Homes Seen as a Nest Egg By Most U.S. Homeowners
Although housing prices nationwide are falling, nearly half of all homeowners still expect the value of their homes to rise at least 5 percent a year, according to a recent survey of 1,003 Americans by RBC Capital Markets, a corporate banking and investment banking firm. Our homes are still our nest eggs: About 80 percent of homeowners surveyed estimated that they have at least $50,000 of equity in their homes, and 60 percent said they have at least $100,000. Surprisingly, many of those polled are immune to worries about interest-rate hikes, since they've already paid off their mortgages. But those who got risky variable-rate and interest-only mortgages are getting worried: Nearly four out of 10 such borrowers are concerned about how they'll meet higher payments.
Comparing Home Prices Within The U.S. and Across the Globe
Coldwell Banker has released its annual Home Price Comparison Index of 382 markets — including, for the first time, 42 markets outside of North America.
The study, which compares typical 2,200-square-foot, four-bedroom homes, found that the cost of a home in Bend, Ore., is commensurate with one in Amsterdam, The Netherlands, while one in Sydney, Australia, costs as much as one in Bellevue, Wash. The most expensive market in the study? In the U.S., it's Beverly Hills, Calif., naturally, where a typical house costs a cool $1.8 million; the most affordable, Minot, N.D., where the same house (but with a much-diminished chance of a TomKat sighting) costs $132,333. Overseas, the priciest market is Milan, Italy, where the sample home costs slightly more than $1.8 million; but in Bogota, Colombia, you can find the same quality house for $56,522.
And for your parlor-game pleasure: The site also has a nifty home price comparison tool. You enter your home's estimated market price, and it shows you what that would buy you in three separate markets of your choice.
Assuming that, in this topsy-turvy market, you actually know what your home's market value is.
Trade Group Predicts Number Of New Homes Built to Increase
The National Association of Home Builders released its long-term economic forecast on Sept. 26, projecting to the year 2015. Although the report is subscription-only, a summary says that while production and sales will slow over the next few years, overall the numbers of new homes built over the next decade will reach historic highs — though no single year will match last year's record of 1.72 million starts, fueled as it was by a combination of speculation and low-interest-rate mortgages.

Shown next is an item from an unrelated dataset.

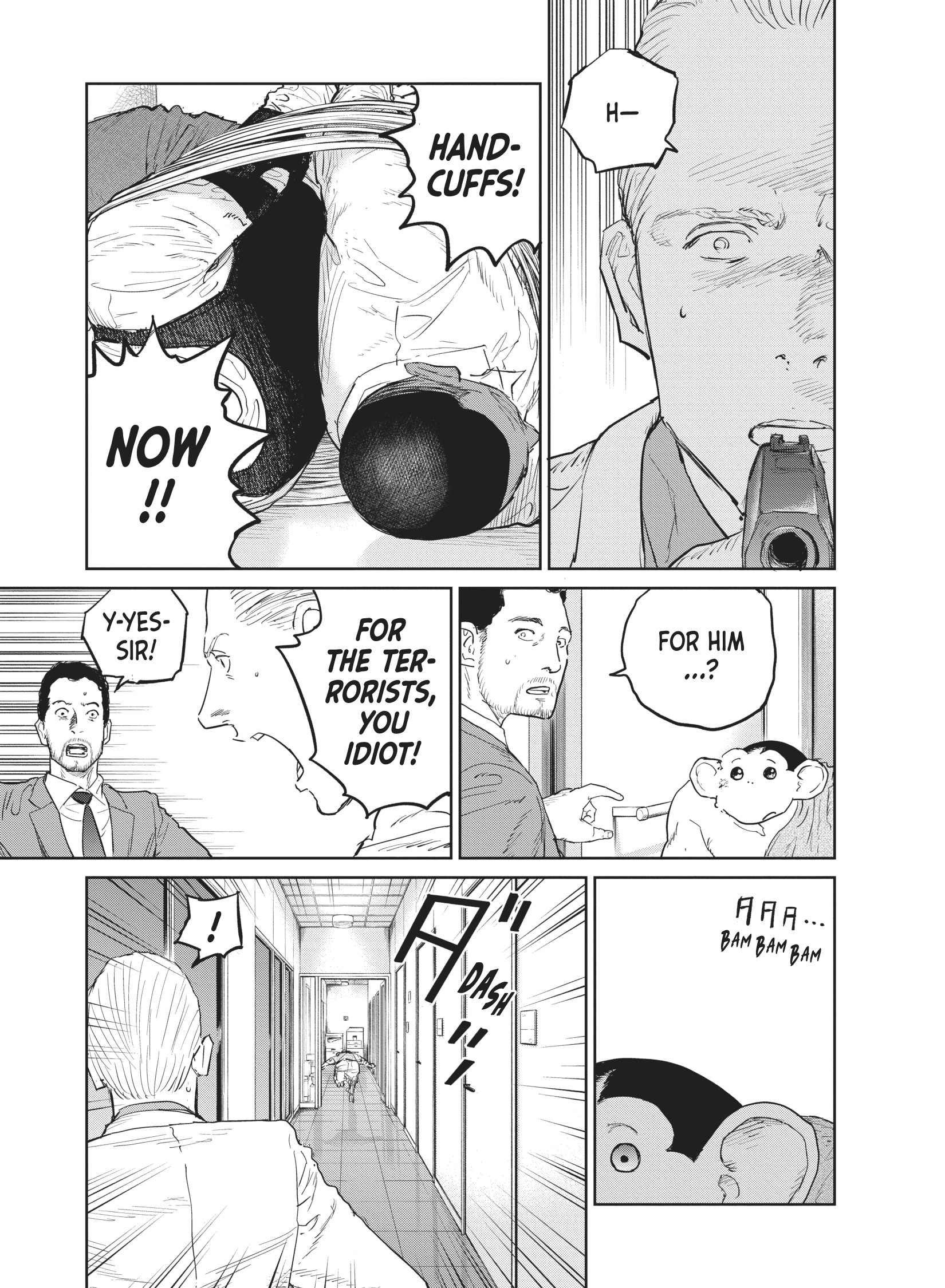 Read The Darwin Incident ENGLISH Manga Online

Fair enough — there's plenty of pent-up demand in the market, among both the millions of boomers on the verge of retirement and would-be first-time buyers who were priced out of the market during the recent housing mania (notice we did not say "bubble"). But the report also predicts "larger average sizes" for new homes over the coming decade. Huh? In a market that will be dominated by first-time buyers and retirees? We don't think so — or at least, we hope not.
Baltimore's Foreclosure Rate Higher than Neighboring Cities
Baltimore homeowners face a higher rate of foreclosure than other nearby cities, according to a new report by The Reinvestment Fund, supported by the Goldseker Foundation.
The report shows that there were 30.6 foreclosures for every 1,000 owner-occupied households in the city, compared to 16.1 in Philadelphia and 12.2 in New Castle, Del. Many of those who are losing their homes are young, with little cash and poor credit. Once their homes are lost, they often aren't resold to other young families — increasingly, they're being bought by investors.
To help families facing foreclosure keep their homes, Baltimore Mayor Martin O'Malley announced today (Sept. 27) a new initiative that includes counseling services. The initiative was spearheaded by a new coalition of government and non-profit groups called the Baltimore Homeownership Preservation Coalition.
About Half of U.S. Businesses Are Operated From Home
So much for the stereotype that folks who stay at home sit around drinking gin and eating bon bons: The U.S. Census Bureau just-released results of its 2002 Survey of Business Owners, which shows that almost half of all the nation's businesses are operated from home. For 70 percent of these owners, the home business is their primary source of income; six in 10 use their own money or family assets to finance the start-up. Nearly two-thirds of those who launch a home business have some college education, and 60 percent are at least 45 years old.
Still a mystery: If so many people are working at home, why are the roads still so clogged at rush hour?
Real-Estate Telanovela Coming To a Television Station Near You
As if steamy affairs, coma awakenings and backstabbing lovers aren't enough, a new telenovela called "Nuestro Barrio," or "Our Neighborhood," will debut this Wednesday in seven markets. But though most soap operas have underlying morals about sex, this one has a different twist: It's moralizing about money.
Specifically, into the usual storylines of romantic intrigue and jealousy, the Spanish-language soap opera weaves subplots warning of predatory lenders, out-of-control credit-card debt, redlining and other obstacles to home buying.
The program is targeted to Spanish-speaking buyers because Hispanics are the country's fastest-growing minority group. According to the U.S. Census Bureau, one out of two people added to the population in the year ending July 1, 2005 were Hispanic. Currently, the nation's 42.7 million Hispanics comprise 14 percent of the population; by 2050, they're expected to make up 24 percent of the population.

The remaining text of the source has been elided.